## DATA SEGMENT
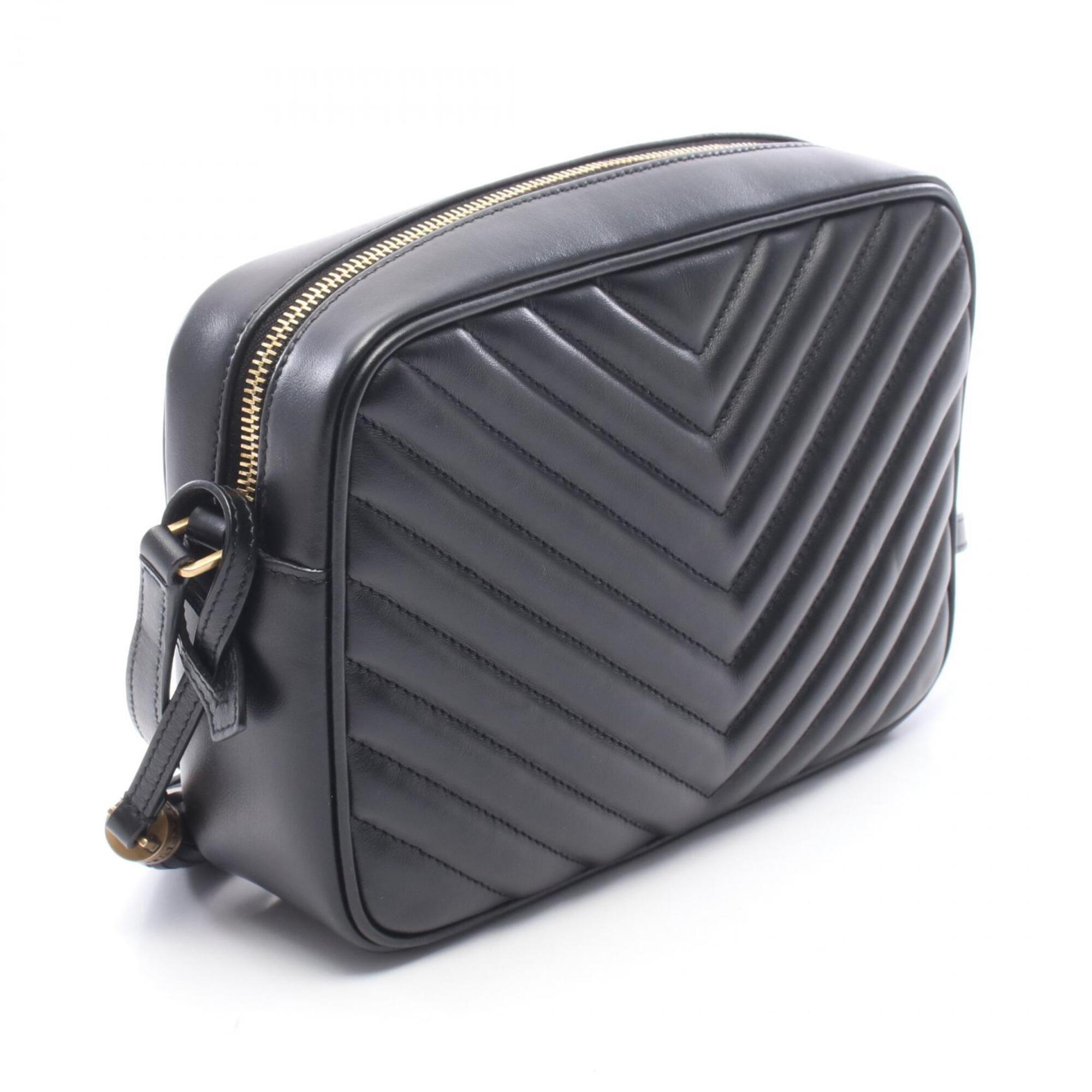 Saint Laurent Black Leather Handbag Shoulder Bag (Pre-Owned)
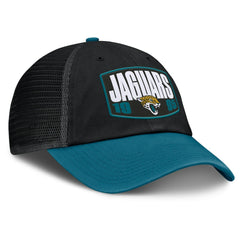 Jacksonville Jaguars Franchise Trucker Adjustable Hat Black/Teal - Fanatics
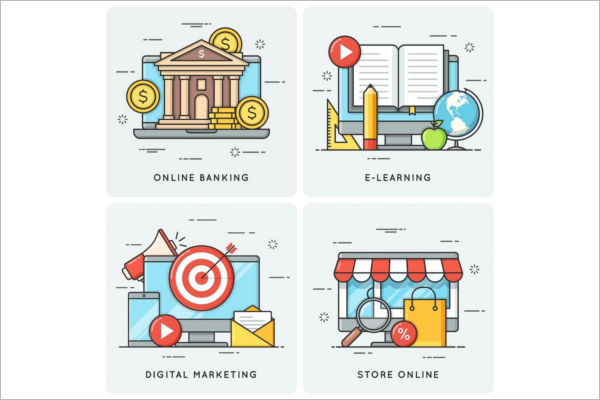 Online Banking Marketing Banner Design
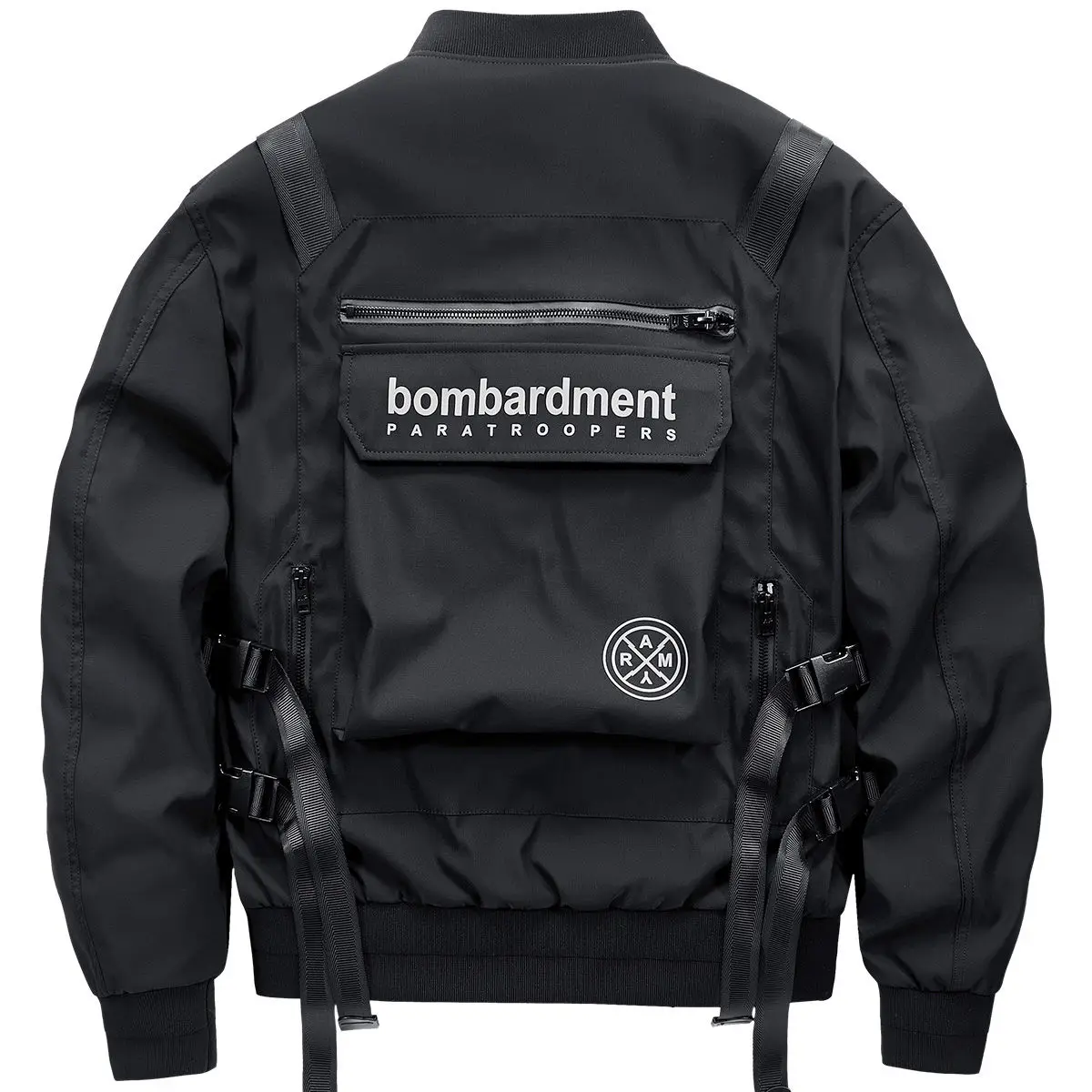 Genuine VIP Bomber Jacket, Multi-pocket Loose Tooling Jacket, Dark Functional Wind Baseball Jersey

## EXERCISE DESCRIPTION
The required output is the lines from the one containing "Jacksonville Jaguars Franchise" through the end of the data, printed exactly, with no pictures.

## EXERCISE ANSWER
 Jacksonville Jaguars Franchise Trucker Adjustable Hat Black/Teal - Fanatics
 Online Banking Marketing Banner Design
 Genuine VIP Bomber Jacket, Multi-pocket Loose Tooling Jacket, Dark Functional Wind Baseball Jersey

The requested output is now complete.